◆ Image-caption web data
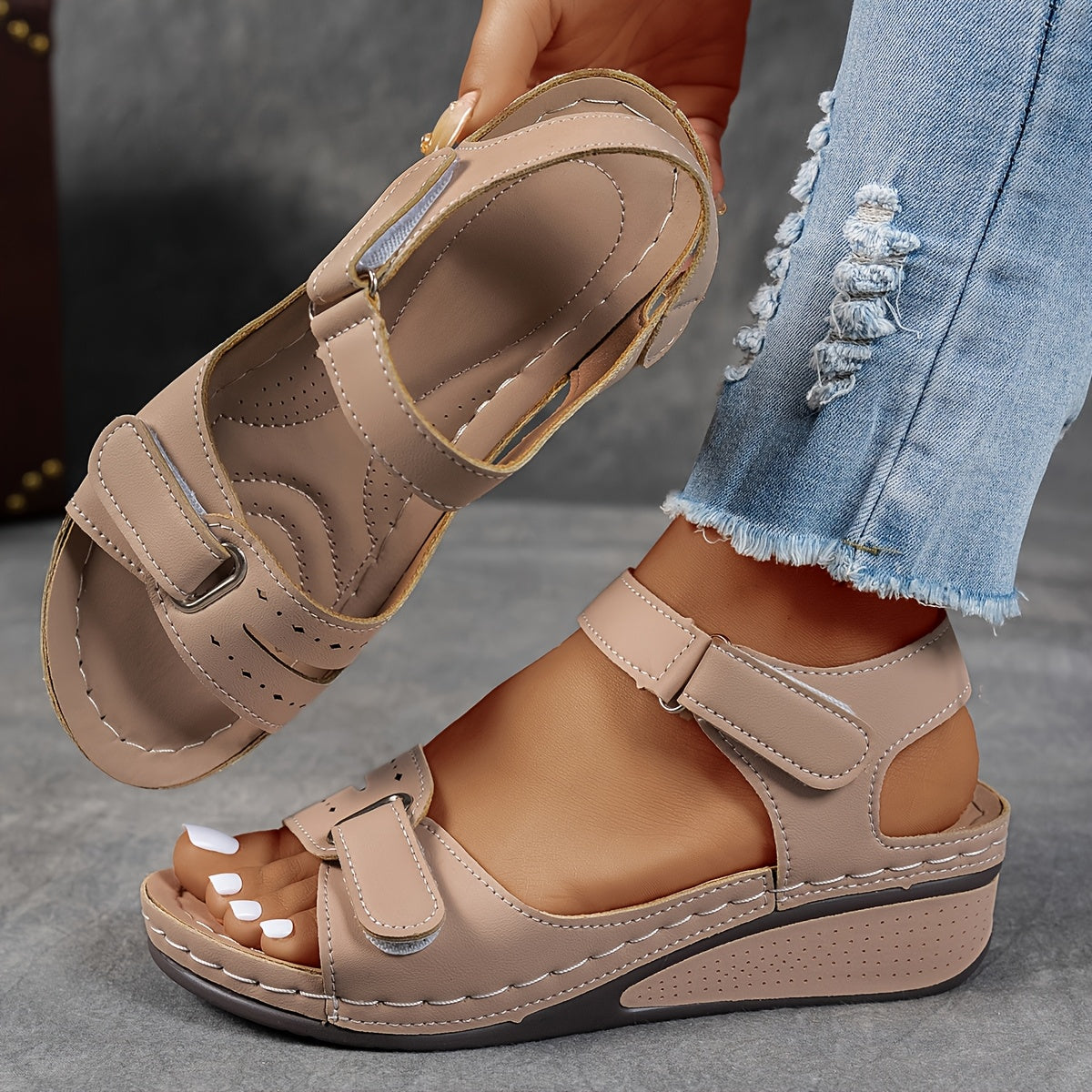 Adjustable Wedge Sandals – Arch Support Open Toe Comfort Sandals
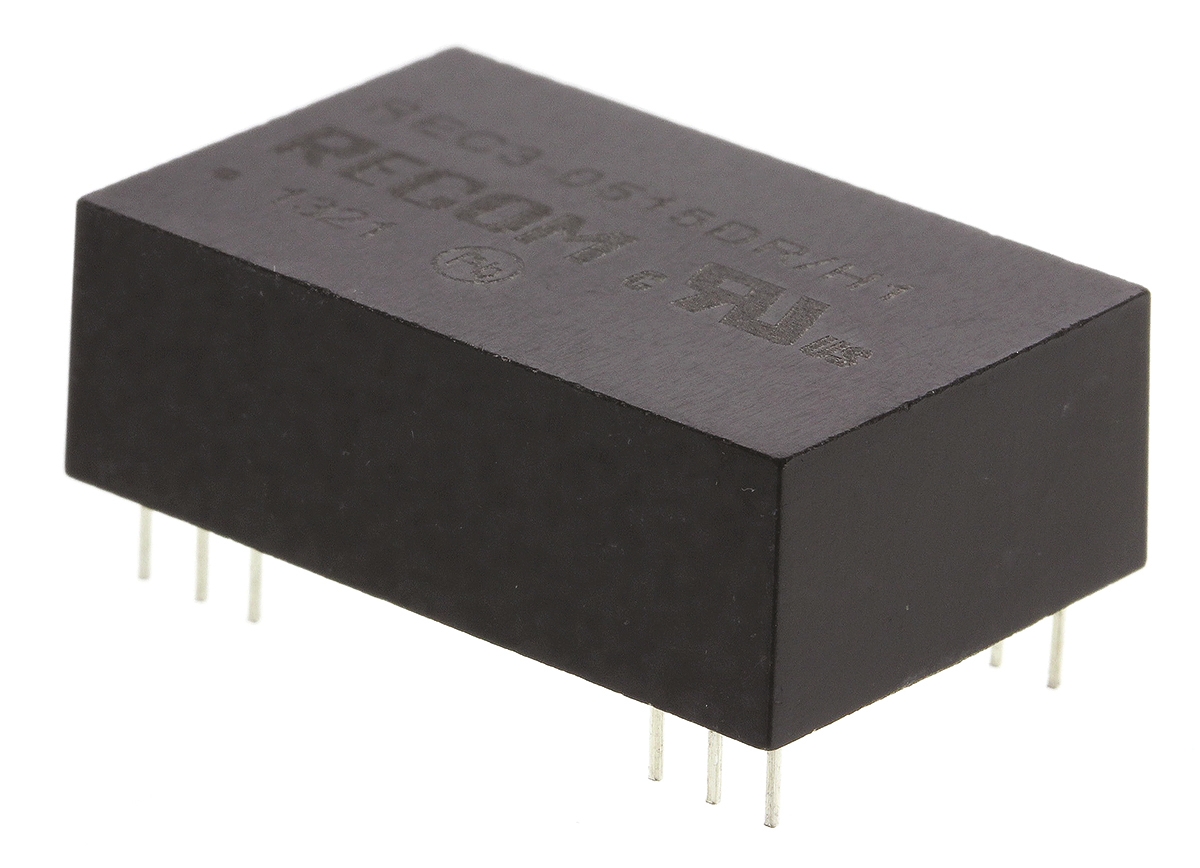 Recom REC3 DC-DC Converter, ±15V dc/ ±100mA Output, 4.25 → 5.75 V dc Input, 3W, Through Hole, +80°C Max Temp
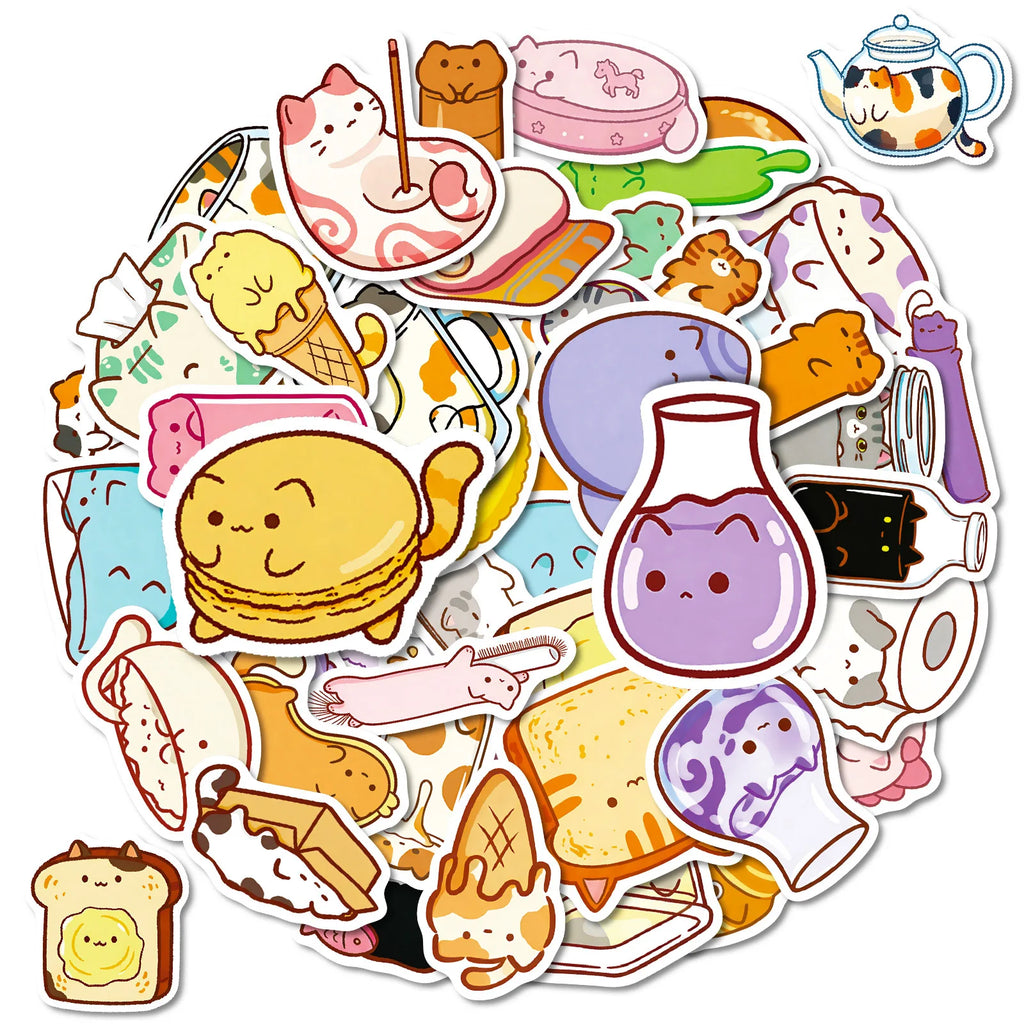 56PCS Cute Cat Bread Doodle Stickers Student Stationery Notebook Diary Office Supplies Storage Box Guitar Waterproof Stickers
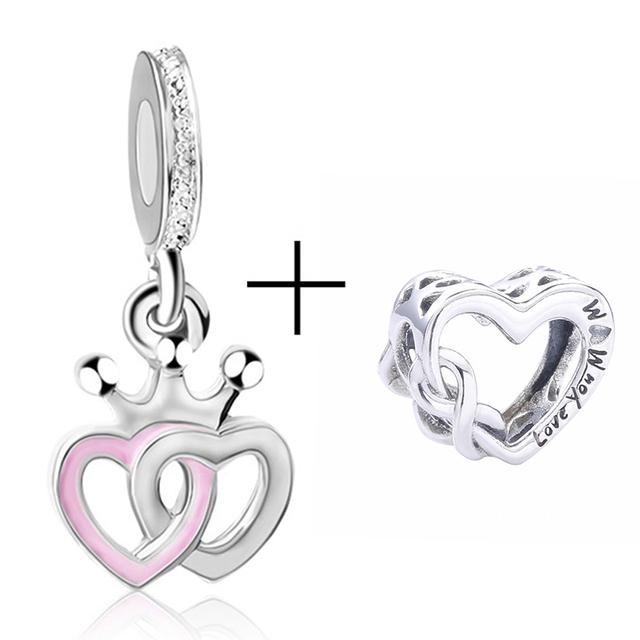 2 teile/los Silber Farbe Romantische Stil Charme Perlen Anhänger Fit Original Diy Charme Armband Halsketten Für Frauen Frau Schmuck Machen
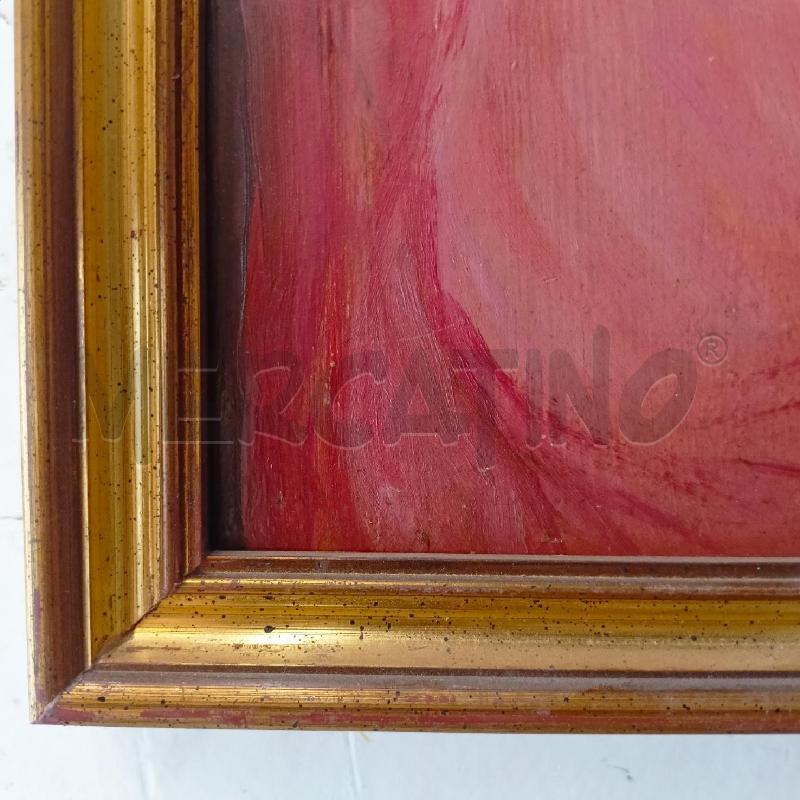 QUADRO OLIO TAVOLA DONNA RITRATTO VESTITO ROSA CAPELLI RACCOLTI CORNICE LEGNO DORATO | Mercatino dell'Usato Roma re di roma 2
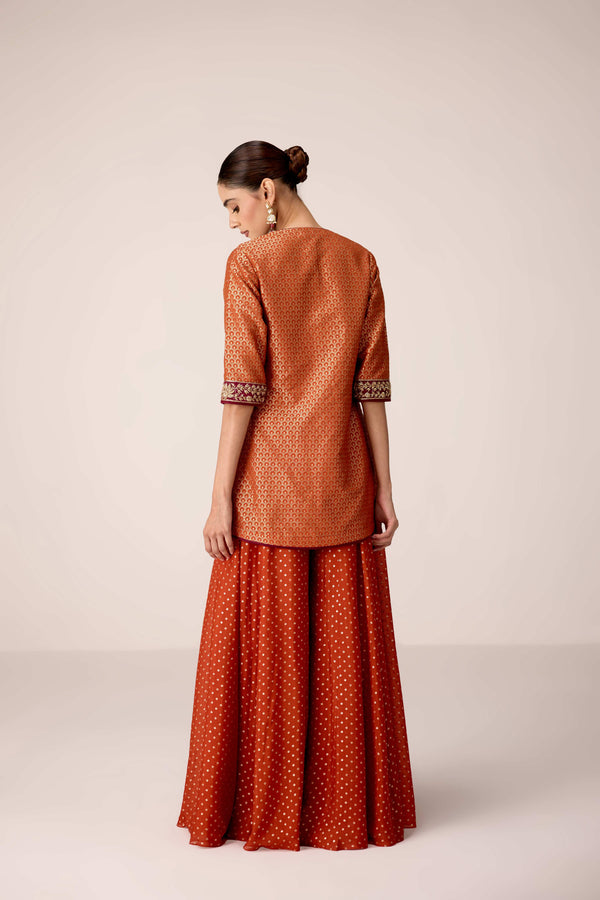 Rust orange zardozi embroidered kurta sharara set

◆ WHAT THE EXERCISE ASKS
When you copy the records above, keep every word exact but leave out the pictures.

◆ SOLUTION TO THIS TASK
 Adjustable Wedge Sandals – Arch Support Open Toe Comfort Sandals
 Recom REC3 DC-DC Converter, ±15V dc/ ±100mA Output, 4.25 → 5.75 V dc Input, 3W, Through Hole, +80°C Max Temp
 56PCS Cute Cat Bread Doodle Stickers Student Stationery Notebook Diary Office Supplies Storage Box Guitar Waterproof Stickers
 2 teile/los Silber Farbe Romantische Stil Charme Perlen Anhänger Fit Original Diy Charme Armband Halsketten Für Frauen Frau Schmuck Machen
 QUADRO OLIO TAVOLA DONNA RITRATTO VESTITO ROSA CAPELLI RACCOLTI CORNICE LEGNO DORATO | Mercatino dell'Usato Roma re di roma 2
 Rust orange zardozi embroidered kurta sharara set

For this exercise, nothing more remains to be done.